Avec une surprenante régularité, la population détourne chaque commémoration officielle et la transforme en journée de protestation contre le régime. Ainsi, le 27 décembre dernier, lors de la journée de l’Achoura1, l’ensemble du pays a connu une vague de mobilisation immense. À de nombreuses occasions, les bassidji et les voltigeurs ont dû fuir face aux manifestants. Certains quartiers de Téhéran et de Tabriz ont échappé pendant des heures durant au contrôle du régime. Plus de mille personnes ont été arrêtées suite aux dernières manifestations et au moins 36 personnes ont été tuées. Depuis, le pouvoir multiplie les arrestations et ses nervis ont même attaqué des mosquées pour en déloger des religieux favorables au candidat Moussavi.

L’ampleur de la résistance populaire divise désormais le clan au pouvoir qui s’articule autour du Guide Khameneï, du Sepah et d’Ahmadinejad. Trois positions s’y dessinent. La plus forte aujourd’hui entend écraser la mobilisation dans le sang. Une autre voudrait trouver un terrain d’entente avec Moussavi et enrayer la dynamique jugée périlleuse. La troisième, incarnée par le Guide, fait la balance entre les deux précédentes. Les hauts commandants des pasdaran ont opté pour la confrontation mais sont pour le moment freinés par les divisions internes au pouvoir. Car les tenants du régime le savent : écraser le mouvement dans le sang soulèverait l’hostilité totale de l’immense majorité et fermerait définitivement la porte à un éventuel compromis avec les dirigeants « verts » ou à « l’émergence » d’un homme providentiel. Enfin, cela accroîtrait les divisions au sein du pouvoir et des forces répressives, ce qui rend hypothétique l’instauration de la loi martiale. L’ensemble de ces conséquences pousse, pour le moment, les dirigeants actuels à une certaine prudence.

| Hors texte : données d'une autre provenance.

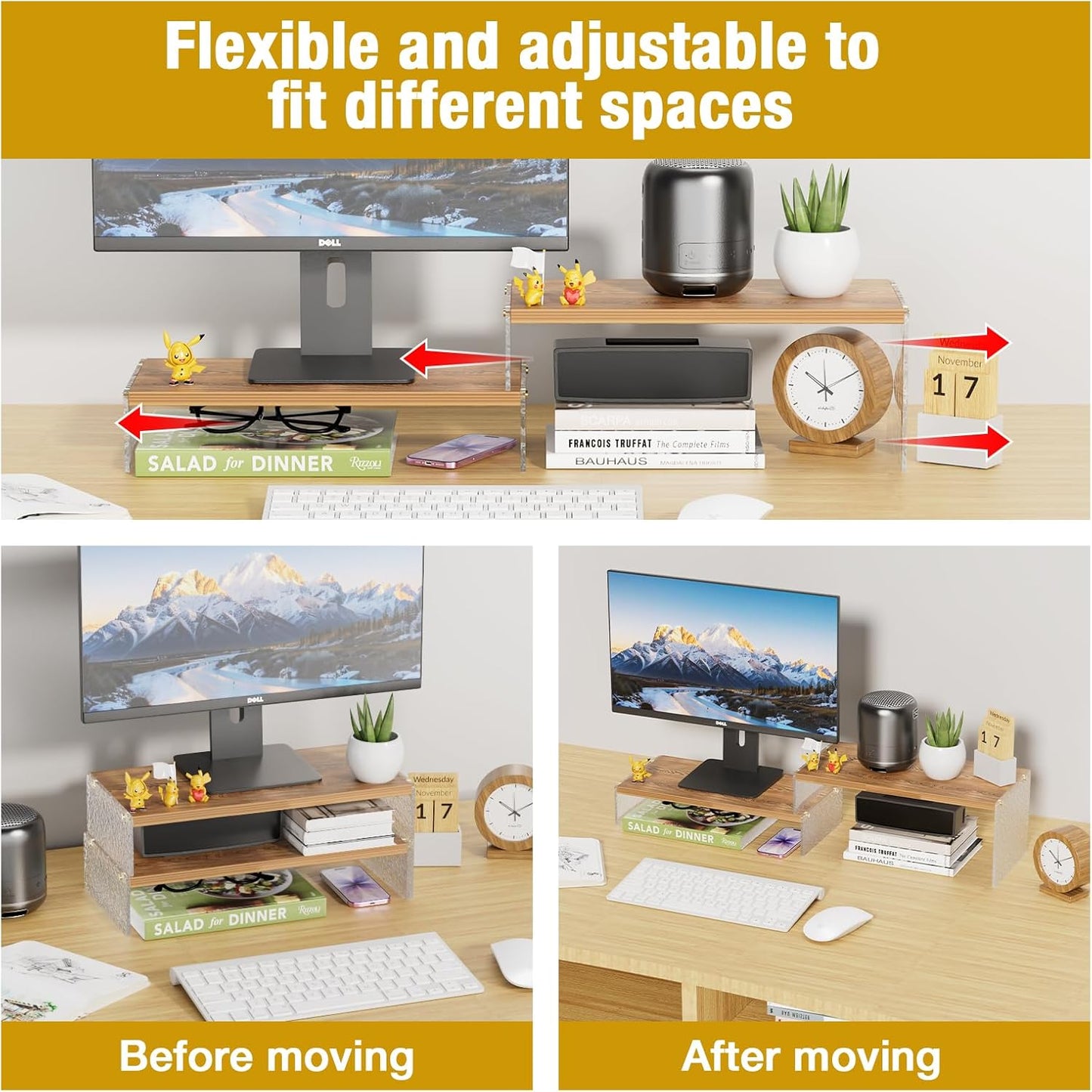 YGYQZ Adjustable Monitor Stand Riser with Acrylic Legs丨7.67" Wide Dual Monitor Stand for Desk丨2-Tier Wood Desktop Organizer for Computer, Laptop, Printer & PC丨Modern Aesthetic Desk Shelf(wood-flat)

C’est dans ce contexte que Moussavi donne ses cinq points pour une sortie de crise. Il exige la libération des prisonniers politiques et réclame des élections démocratiques et libres, mais n’en définit ni les conditions ni le périmètre. En somme, il propose d’en rester au cadre de la République islamique qui a banni toutes les forces laïques, démocratiques ou de gauche. Ce qui exclut toutes les organisations jugées hostiles à l’Islam et à la République islamique. Moussavi se limite ainsi à un changement de gouvernement et à la destitution d’Ahmadinejad. Face à cela, la crainte d’un accord au sommet entre les différentes factions est grande.

Dans ce contexte, nombre de militants ouvriers et de gauche tentent de lier au mouvement actuel leur lutte contre le non-paiement des salaires, contre les privatisations ou les licenciements et pour la construction de syndicats indépendants. C’est le cas, notamment, des travailleurs d’Iran Khodro (première entreprise de construction automobile) ou du syndicat du Sherkat-e Vahed (transport en commun de Téhéran) qui appellent les salariés à descendre dans la rue. Ces militants, tout en développant là où ils le peuvent une politique indépendante, tentent de maintenir les dirigeants « verts » prisonniers de la dynamique de mobilisation.

L’équation est limpide : tant que la division entre le camp « vert » et le Sepah n’est pas résorbée, les opposants au régime pourront agir au travers des manifestations et le mouvement pourra se développer et se structurer politiquement. Face au clan Khameneï-Ahmadinejad et pour garder une indépendance totale à l’égard des dirigeants « verts », l’objectif principal des militants de gauche reste l’extension et l’ancrage du mouvement.

Les peuples d’Iran ne peuvent compter que sur leur propre lutte. Plus que jamais, ils doivent pouvoir s’appuyer sur la solidarité internationale émanant des forces de la gauche sociale et politique.

Babak Kia

1. Journée de commémoration de l’assassinat à Karbala de l’imam Hossein.